Not so with AI/LLMs. We are continuously told that there may be errors in generation, and we need to check the results. Imagine if that was the case with calculators, and 10% of the time, the answers were a bit off. It would be quite nerve-racking if you weren’t confident in your own skills to do the same job as the calculator, at least well enough to verify the output.

Yet that is where I fear we’re headed with AI-generated code. Consider the case where a code suggestion brings in a new library, and everything is building and seems to work. Will developers visit the library’s documentation and understand what all it does, whether it’s the best solution, whether the functions are being used correctly, and whether the library is maintained or has security issues? It will be tempting to skip this type of due diligence. Maybe we were skipping it before, but it was certainly more common to have to seek a library based on the need and read about it, just to get it working.

This type of situation recently had me second-guessing how I’m using AI code. I needed some HTMX code the other day and asked both Claude and ChatGPT for help. The solutions they offered looked functional but felt verbose, manually doing something I thought HTMX could handle directly. I probed a bit and didn’t get much improvement. I then checked the HTMX docs, found the function I was thinking of, and specifically asked why it didn’t use it. I finally got the all-too-familiar enthusiastic/apologetic response with a solution incorporating that function. I happened to know about the function because I’d skimmed the docs in the past, and had a sense that there was a better way. If I’d been new to HTMX, I wouldn’t have realized how bad the AI solutions were.

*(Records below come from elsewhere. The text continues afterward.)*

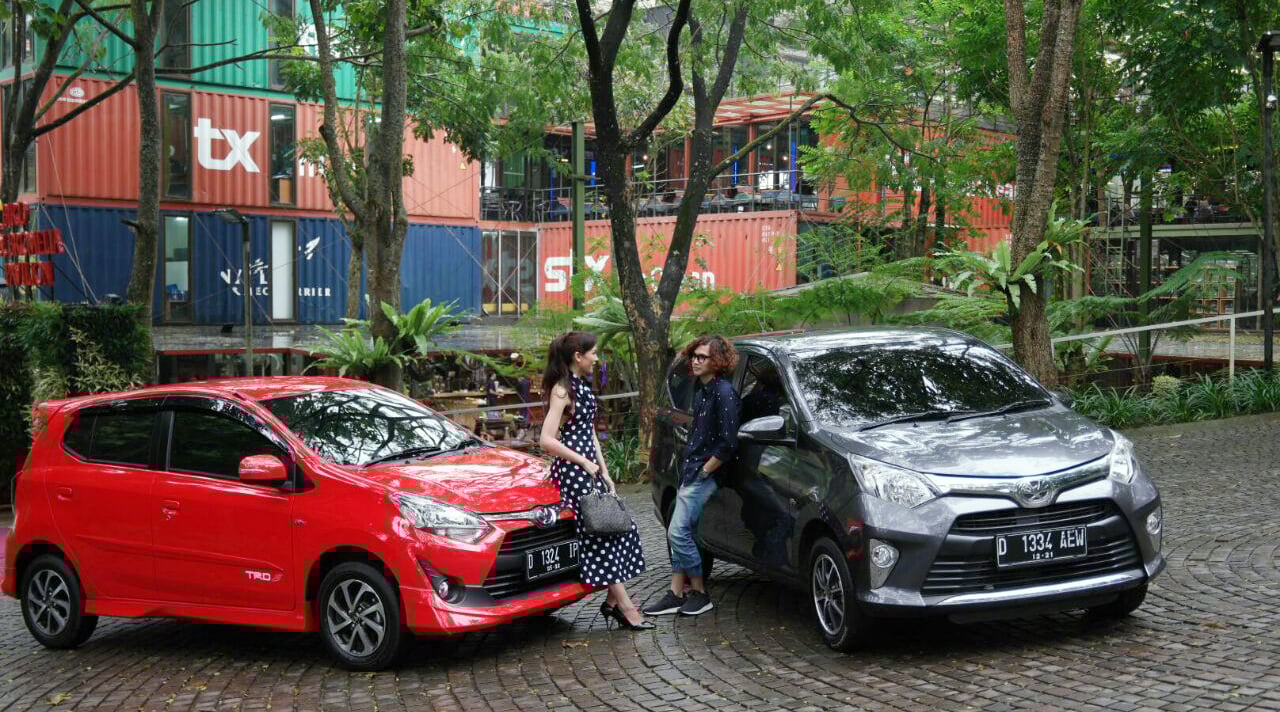 Model berpose dengan latar mobil Toyota Calya dan Agya.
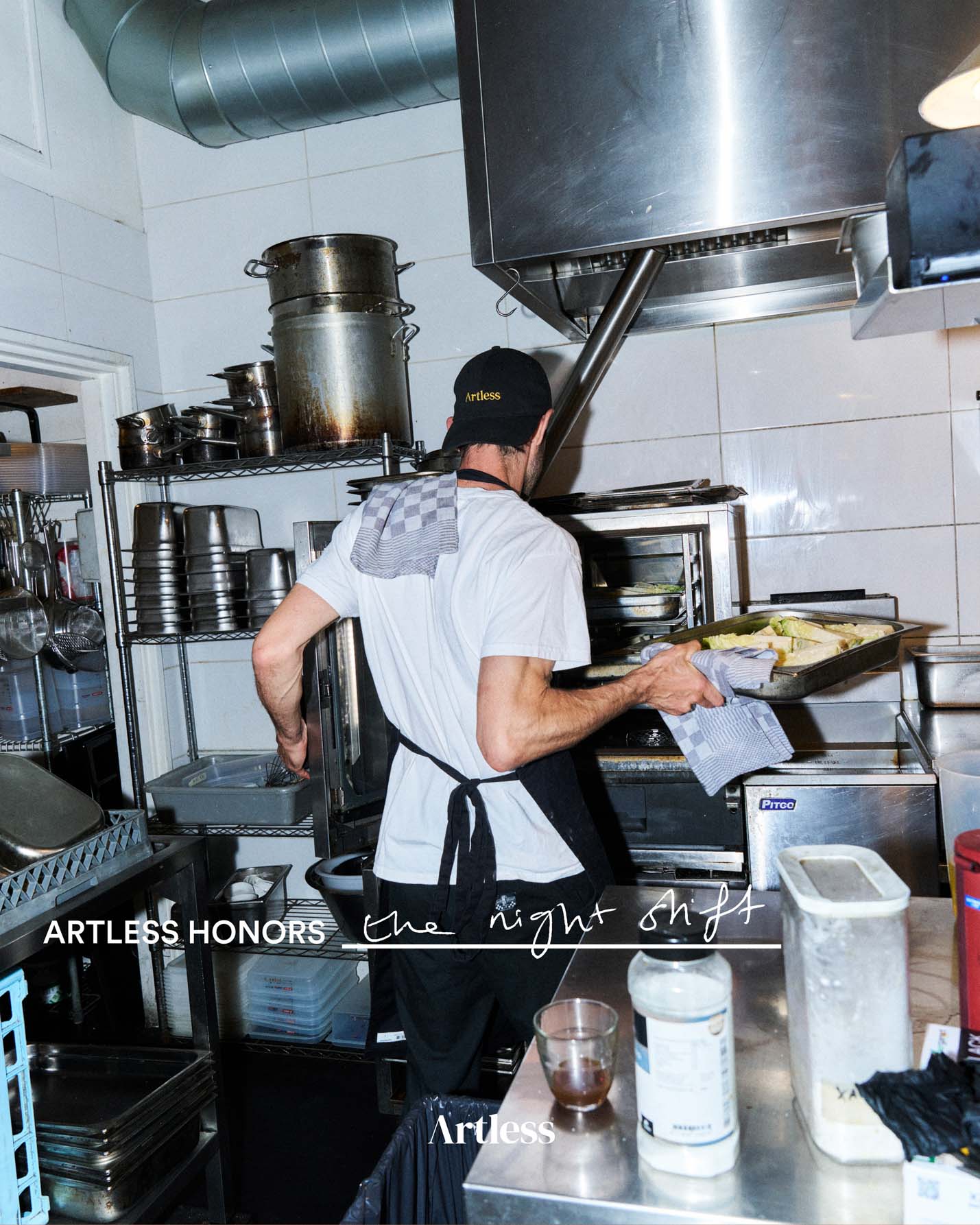 Person working in a kitchen with equipment wearing a black unstructured 6-panel dad cap made from GOTS certified organic cotton by Artless
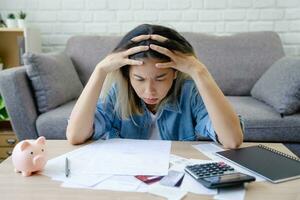 Asian female sitting expression face stressed by calculate expense on table from invoice or bill. She had financial and cost of living problems. photo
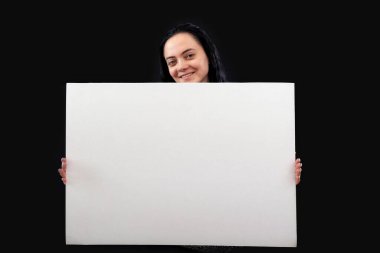 Koyu renk saçlı, gri kazaklı, beyaz posterli, koyu tenli, çekici bir kadın.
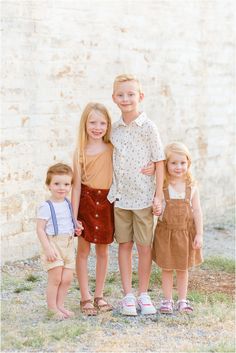 three young children standing next to each other in front of a wall and grass area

So what is the developer to do? What AI can do is amazing, and ignoring the enhancements is probably career-limiting. But I also don’t think we really know what the right balance is. Accepting no assistance at all will be too slow relative to what others are doing. Blindly shipping AI-generated code, or not having the skill to properly review it, will be worse. But what is the balance point? What is the right amount of human-generated content that allows one to stay sharp enough to work with the machines responsibly? I think a lot of developers and educators will be wrestling with that question over the coming years. For me, 2024 was the year I felt I’d swung too far away from putting in the work myself. I need to step back from maximal automation and exercise my own generative muscles. So far, I’ve decided on:

  • No longer leaning on long-form code suggestions like Cursor was delivering unless I’m specifically asking for it in special circumstances where I’m tolerating not knowing all the details (e.g., “convert this to Tailwind”).
  • Continuing to use old-school auto-completion is totally fine. It’s often better, in fact, and avoids the tiresome routine of an LLM serving up functions that don’t exist, especially when the LSP knows exactly what does exist.
  • Getting back to a simpler environment. This means stepping back from VSCode and heavier IDEs. For 15 years, I lived in Vim, so it’s time to get Neovim going and rediscover terminal editing. The recent GA release of Ghostty, a project I’ve been following for a while, is a good motivator here.

2025 will be a year of course correction. I don’t know what the balance point is or how much AI I should use, but hopefully I’ll find the sweet spot.